If this argument is correct, the tradition would be the earliest source concerning who was the first to claim to have seen Jesus after his death: Cephas/Peter. Peter as a key witness to the risen Christ fits other evidence that Peter was a central figure in the early Christian community, such as Paul’s reference to him as a “pillar” of the Christian community in Jerusalem in another letter (Galatians 2:9), his prominent role in the gospels (four Christian scriptures narrating the life, death and resurrection of Jesus) and the Acts of the Apostles (a history of the early Christian community), and letters to early Christian communities that were purported to have been written by Peter. In the gospel of Luke there is also an indication that Peter was the first to take heart after the death of Jesus, as predicted by Jesus (Simon was Peter’s original name before he was renamed Cephas/Peter):


“Simon, Simon, listen! Satan has demanded to sift all of you like wheat, but I have prayed for you that your own faith may not fail, and you, when once you have turned back, strengthen your brothers.” (Lk 22: 31-32)
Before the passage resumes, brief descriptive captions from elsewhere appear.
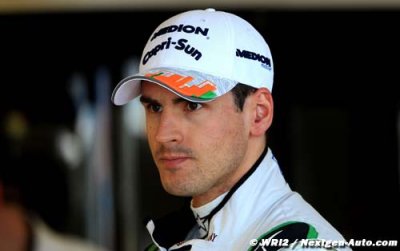 Sutil&nbsp;: Hamilton peut venir me voir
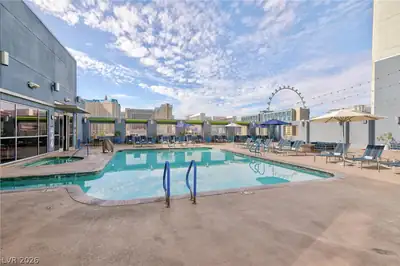 211 East Flamingo Road 1003 Pool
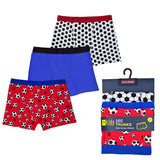 6 x Boys Boxers Shorts Pants Trunks Underwear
I am not arguing that all of these stories about Peter were true, but rather that he was important enough to have such stories told about him. Based on the evidence, I think Peter was the first to experience what he took to be a resurrected Jesus, and that his claim was carefully preserved and handed down in the larger Christian community. I don’t think we will ever know exactly what Peter saw, but apparently it was convincing enough to bolster his confidence and become a turning point for him, for the other early disciples, and for the rest of Western history.

The subsequent mention of an appearance to “the twelve” also may have been a part of the original tradition. Its inclusion would not disrupt the balance of the parallel structure of the original list very significantly. Gert Lüdemann (2004: 40-43) takes the position that the “twelve” was part of the original list. He notes that the conjunction between “Cephas, then (eita) to the twelve” differs from the conjunction that precedes the sentence about the five hundred and the one about Jame and all the apostles. That word in Greek is epeita, which Lüdemann translates as “thereafter.” As I recount on another page, three of the gospels and the Acts of the Apostles all describe scenes of Peter with other apostles seeing the risen Jesus. These likely trace back to knowledge of the tradition Paul recounts.

The other appearances on the list, aside from Paul’s own experience, would then be appearances that Paul learned of after receiving the original tradition. You would think five hundred people seeing the resurrected Jesus at the same time would be dramatic enough that reports of it would reach those undertaking to write about Jesus, but there is no mention of it in any other source. A suggested reference to the appearance is in the Acts of the Apostles. (Lüdemann, 2004: 73-81; Allison, 2005: n. 140 on 235) The Acts is a narrative of the early Christian community which is universally attributed to the author of the gospel of Luke. In Acts Chapter 2:1-42 the disciples are gathered together on the feast of Pentecost, celebrated fifty days after the Jewish holiday of Passover, which the gospels depict as the time of Jesus’ death. They are “filled with the Holy Spirit” and begin speaking in other languages, which Jewish people from around the eastern Mediterranean who are present in Jerusalem hear and recognize. After Peter preaches to them, “about three thousand” are baptized and join the Christian community. But other than a miracle and the huge size of the crowd in Paul’s list and in the story, there is little resemblance between the two. In one the miracle is an appearance of the risen Jesus, in the other it is speaking in various languages under the influence of the Holy Spirit. (Wright, 2003: 324-325) And three thousand is a lot more people than five hundred.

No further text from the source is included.